*** Opening Collected data ***

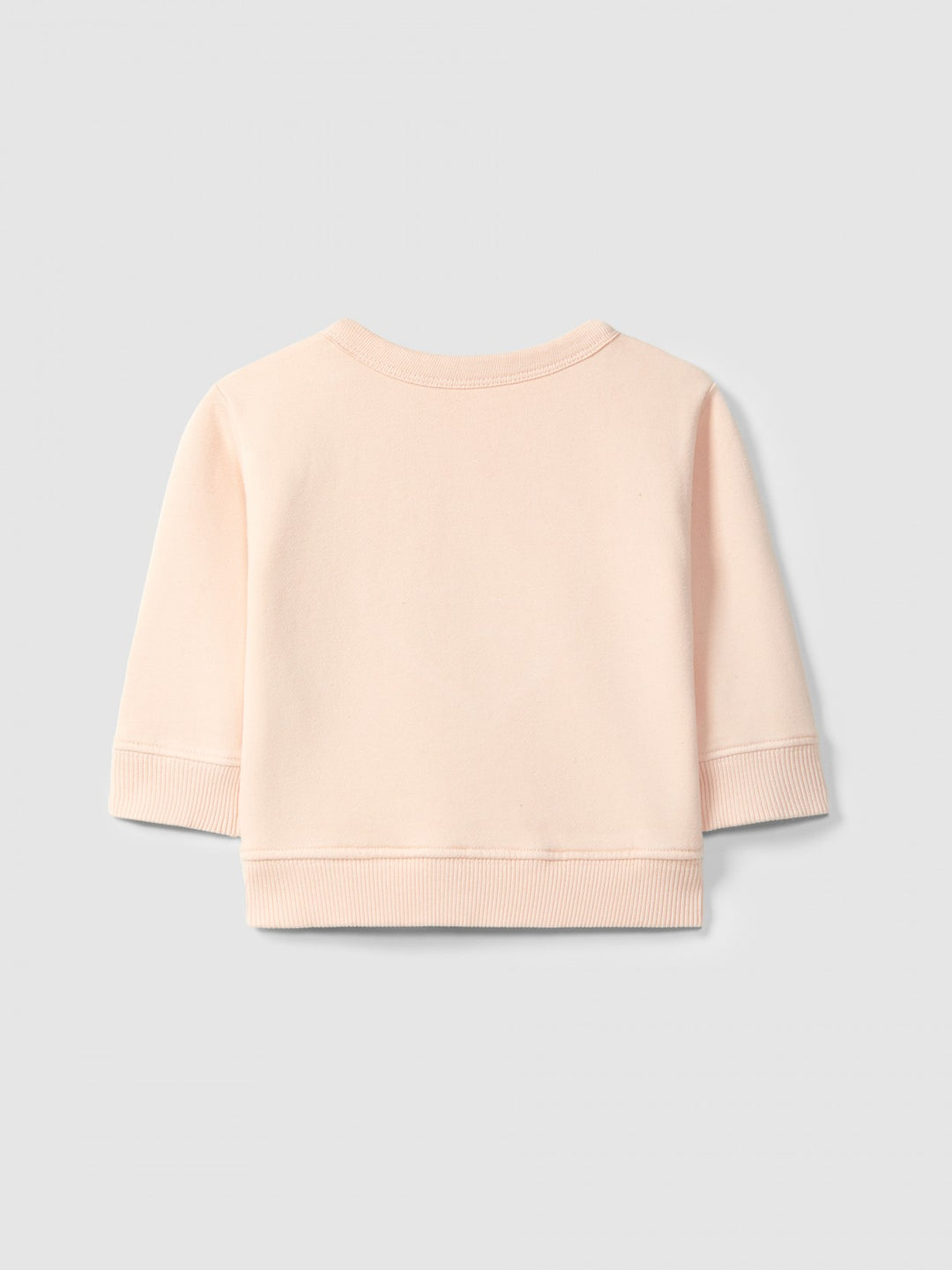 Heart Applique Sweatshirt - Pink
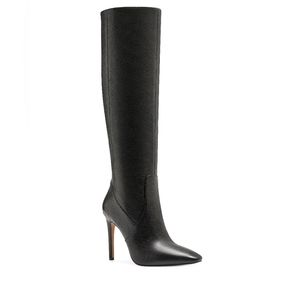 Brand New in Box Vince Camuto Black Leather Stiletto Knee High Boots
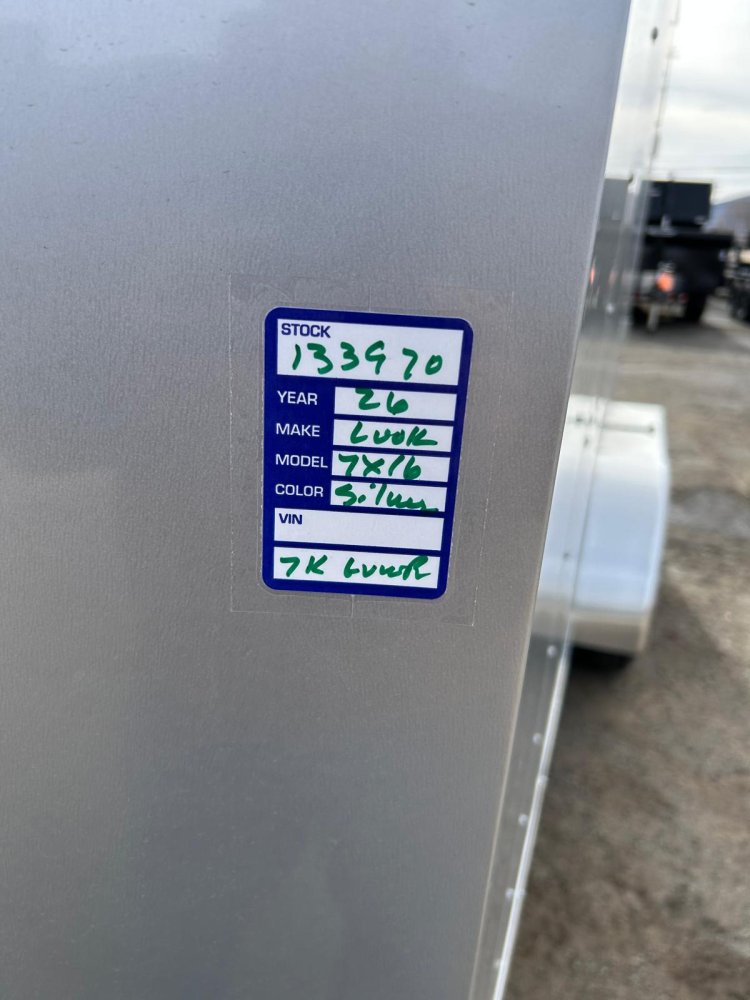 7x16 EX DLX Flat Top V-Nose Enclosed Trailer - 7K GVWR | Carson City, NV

*** Closing Collected data ***

• _What needs to be done_: From the line containing "Brand New in" to the end of the listing, restate each line word for word and nothing more; the pictures stay out.

• _Output below_:
 Brand New in Box Vince Camuto Black Leather Stiletto Knee High Boots
 7x16 EX DLX Flat Top V-Nose Enclosed Trailer - 7K GVWR | Carson City, NV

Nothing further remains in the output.